A l’ouest - Iréne Jonas

© Irène Jonas, Agence révélateur

La galerie Net Plus et l’association Les ailes de Caïus accueillent l’exposition « À l’ouest » de la photographe et sociologue Irène Jonas. Avec environ quatre-vingts œuvres, l’exposition propose aux visiteurs de découvrir un travail autour de la Bretagne et du Pays Bigouden, terre d’adoption de l’artiste.

Le Finistère. Là « où se finit la terre ». Un département côtier, aux paysages maritimes riches et aux plages de sable ou de galets.

Le Finistère, c’est pour beaucoup, les souvenirs d’enfance, des « vacances à la mer », le plus souvent en famille.

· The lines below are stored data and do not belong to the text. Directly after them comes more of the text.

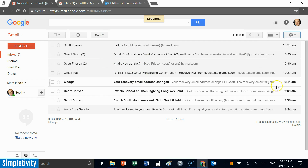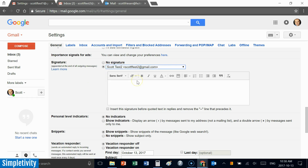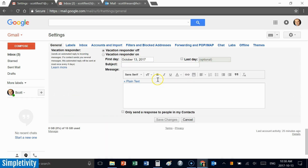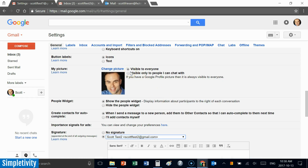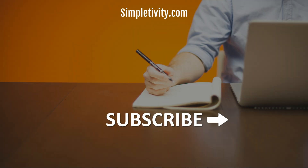One last tip: in Settings you can set up two different email signatures — one for account one and a separate signature for the second email address — so everything looks and feels seamless. I hope you found this helpful and will look at ways to consolidate your email so you spend less time logging into multiple accounts. Thank you for watching — please like and subscribe to Simpletivity. Remember: being productive does not need to be difficult; in fact, it's very simple.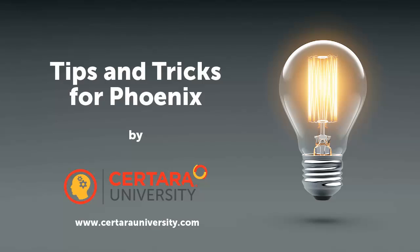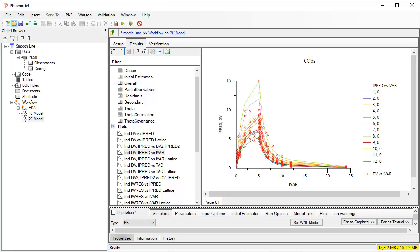This short video by Certara University will show you how to generate a prediction plot with a smooth line from Phoenix modeling output.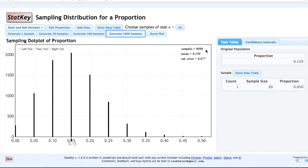Here I've generated 8,000 samples of n equals 20 each. The mean sample proportion is 0.150, which is equal to our original population proportion.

La pelle et le râteau, le seau qu’on remplit de crevettes et d’algues, la bouée qui traîne sur la plage en attendant la marée montante, les plongeons dans les vagues… Mais hors saison, ce sont les mois noirs, les tempêtes qui se succèdent, d’épais nuages d’où dégringolent des pluies torrentielles. La vie y est laborieuse, et jamais ne s’arrête dans les ports, au rythme des retours de pêches, des débarquements, de la criée ou encore des réparations de bateaux sur l’aire de carénage. Ce sont ces univers et ces temps si différents qui l’artiste a voulu mettre en avant dans cette exposition. Deux visages d’une même entité, qui font toute l’identité de la côte du Finistère.

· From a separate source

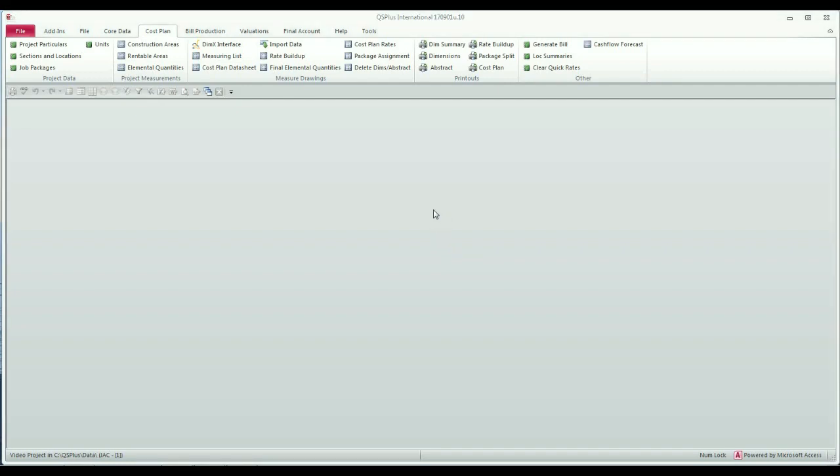Hello again. In this session we're going to have a look at Group 2 on the cost plan tab. This is where construction areas, rentable areas, and elemental quantities are measured.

En navigant d’œuvres en œuvres, de séries photographiques en séries photographiques, nous voyageons dans une Bretagne bigoudène, non sans éprouver une certaine nostalgie. Le procédé artistique d’Irène Jonas participe pleinement à cette impression. Poursuivant une double démarche plasticienne de photographe et de peintre, l’artiste donne à voir des images à la fois familières, poétiques et étranges, frôlant parfois avec le surréalisme et le unheimlich : l’inquiétante étrangeté. En appliquant une couche de peinture à l’huile sur ses tirages photographiques, puis en scannant et en réimprimant le résultat, elle montre de nouveaux paysages, de nouveaux visages, qui se veulent proches de la réalité, tout en prenant de la distance avec celle-ci. Pour d’autres œuvres, l’artiste va peindre directement sur le tirage en noir et blanc et y apposer une couleur : celle de son souvenir, de l’émotion ressentie au moment de la prise du cliché. Un travail sur la mémoire qui se décline principalement avec une palette de bleus et ocres, incluant parfois quelques touches de rose.

Cette pratique artistique, Irène Jonas l’a entamée il y a plusieurs décennies, dans les années 1980, à contre-courant de ce qui se faisait alors en terme de photographie. Aujourd’hui, avec la proéminence du numérique en photographie, l’artiste réintroduit un geste plastique, presque artisanal en y appliquant une couche de peinture. Cette technique, devenue sa marque de fabrique, se retrouve sur chaque œuvre présente dans l’exposition.

En plus des tirages, nous vous invitons à découvrir, dans l’exposition, la vidéo PAS DE DEUX Quintette pour trio à cordes, flûte et harpe avec la musique de Jean Cras et les photographies de Irène Jonas. Cette vidéo a été réalisée par l’Orchestre National de Bretagne et sera diffusée tout au long de l’exposition.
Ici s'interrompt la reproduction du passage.